As we have seen in the Edge Transport Node configuration each Edge Node has two TEP IP addresses statically configured. Both Fastpath interfaces load balance the Geneve encapsulated overlay traffic. Table 8 shows the TEP MAC address in order to verify the Edge Node TEP MAC addresses.
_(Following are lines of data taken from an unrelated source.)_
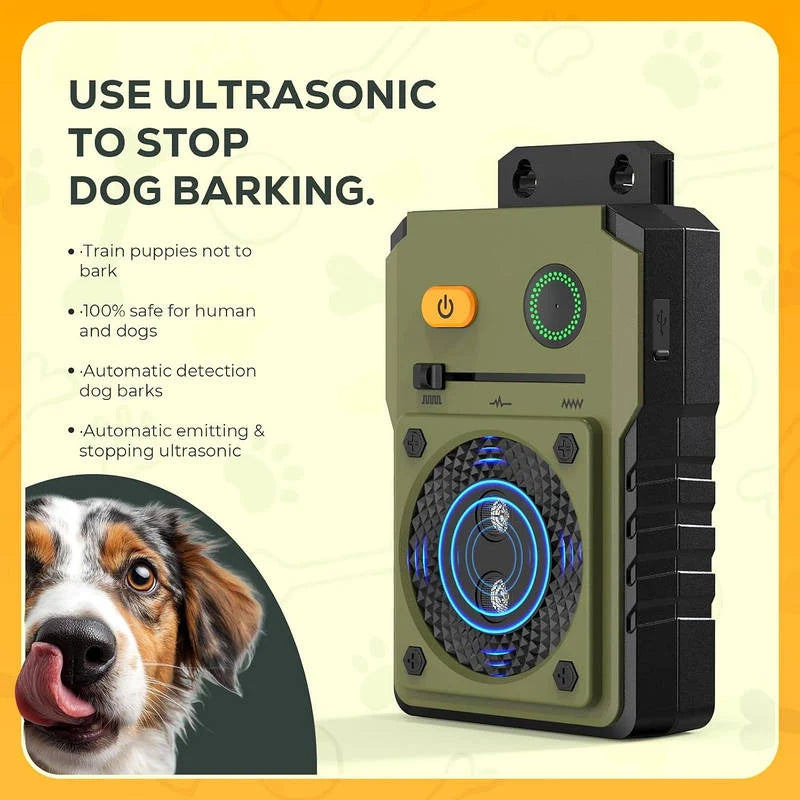 Dog Bark Deterrent Ultrasonic Automatic 50 Ft Range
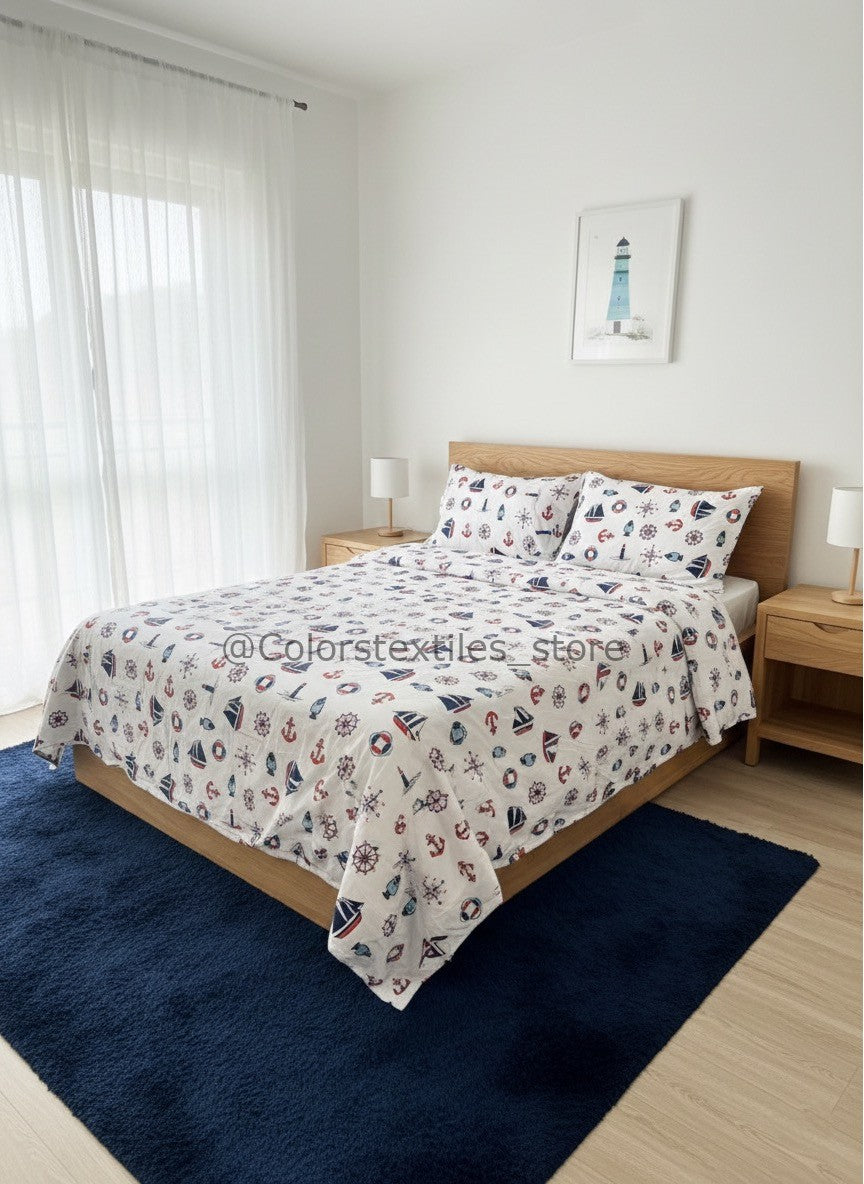 Printed Cotton Bedsheet Set ( Model 10 )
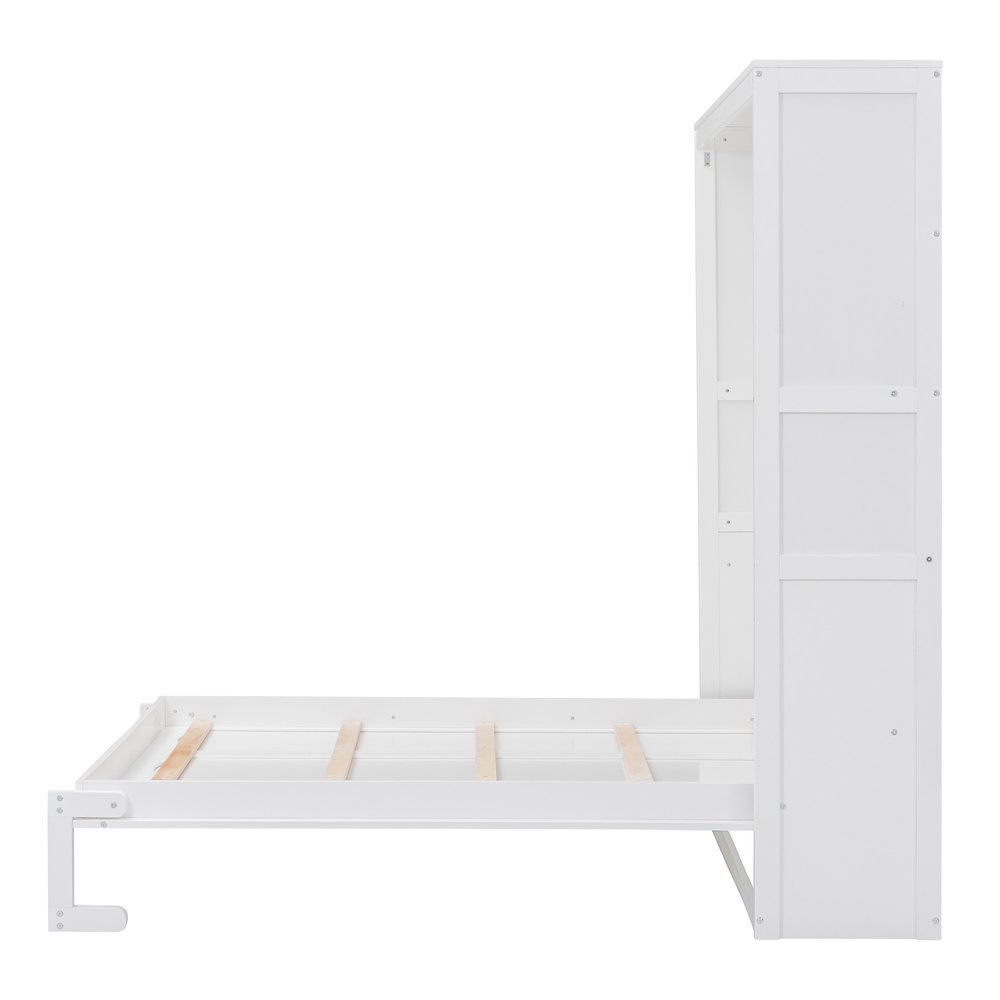 White Wood Full Murphy Bed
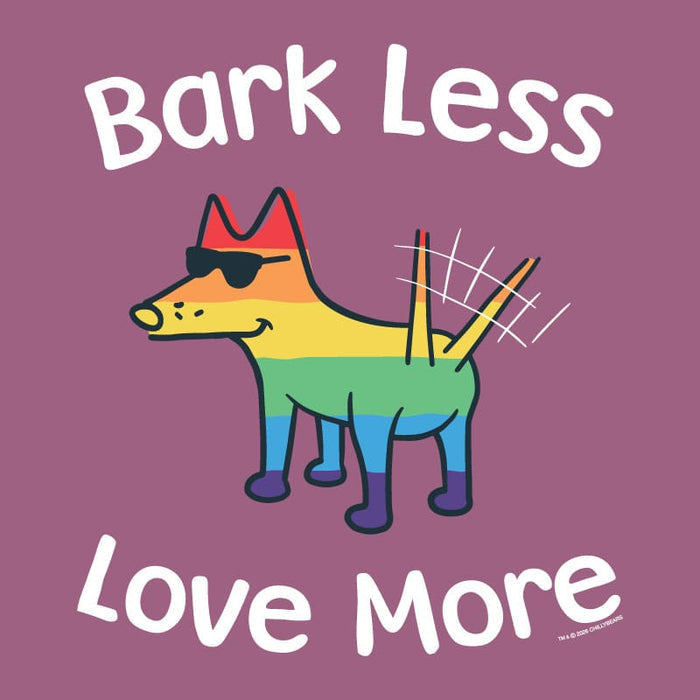 Colorful dog illustration with sunglasses and rainbow stripes on a purple background with text 'Bark Less Love More'.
Table 7 - ToR/Leaf Switch MAC Address Table for Edge Node TEP VLAN 151

ToR/Leaf Switch NY-N3K-LEAF-10ToR/Leaf Switch NY-N3K-LEAF-11

NY-N3K-LEAF-10# show mac address-table dynamic vlan 151

Legend:

        * - primary entry, G - Gateway MAC, (R) - Routed MAC, O - Overlay MAC

        age - seconds since last seen,+ - primary entry using vPC Peer-Link,

        (T) - True, (F) - False, C - ControlPlane MAC, ~ - vsan

   VLAN     MAC Address      Type      age     Secure NTFY Ports

---------+-----------------+--------+---------+------+----+------------------

*  151     0050.5697.5165   dynamic  0         F      F    Eth1/2

*  151     0050.5697.84c3   dynamic  0         F      F    Eth1/4

*  151     0050.5697.a733   dynamic  0         F      F    Po1

*  151     0050.5697.ec1b   dynamic  0         F      F    Po1

*  151     502f.a8a8.717c   dynamic  0         F      F    Po1

NY-N3K-LEAF-11# show mac address-table dynamic vlan 151

Legend:

        * - primary entry, G - Gateway MAC, (R) - Routed MAC, O - Overlay MAC

        age - seconds since last seen,+ - primary entry using vPC Peer-Link,

        (T) - True, (F) - False, C - ControlPlane MAC, ~ - vsan

   VLAN     MAC Address      Type      age     Secure NTFY Ports

---------+-----------------+--------+---------+------+----+------------------

*  151     0000.0c9f.f097   dynamic  0         F      F    Po1

*  151     0050.5697.5165   dynamic  0         F      F    Po1

*  151     0050.5697.84c3   dynamic  0         F      F    Po1

*  151     0050.5697.a733   dynamic  0         F      F    Eth1/2

*  151     0050.5697.ec1b   dynamic  0         F      F    Eth1/4

*  151     780c.f049.0c81   dynamic  0         F      F    Po1

 

Table 8 - NSX-T Edge Node TEP MAC Addresses

ny-edge-transport-node-20>ny-edge-transport-node-21>

ny-edge-transport-node-20> get interface fp-eth0 | find MAC

  MAC address: 00:50:56:97:51:65

 

ny-edge-transport-node-20> get interface fp-eth1 | find MAC

  MAC address: 00:50:56:97:a7:33

ny-edge-transport-node-21> get interface fp-eth0 | find MAC

  MAC address: 00:50:56:97:84:c3

 

ny-edge-transport-node-21> get interface fp-eth1 | find MAC

MAC address: 00:50:56:97:ec:1b

 

For the sake of completeness, the table below shows that only ToR/Leaf Switch NY-N3K-LEAF-10 learns the two Edge Node Management MAC address from VLAN 60 locally, ToR/Leaf Switch NY-N3K-LEAF-11 only via Portchannel 1 (Po1). This is expected, as we have configured the teaming policy in active/standby on the vDS port group. The Edge Node N-VDS is not relevant for the Edge Node management interface.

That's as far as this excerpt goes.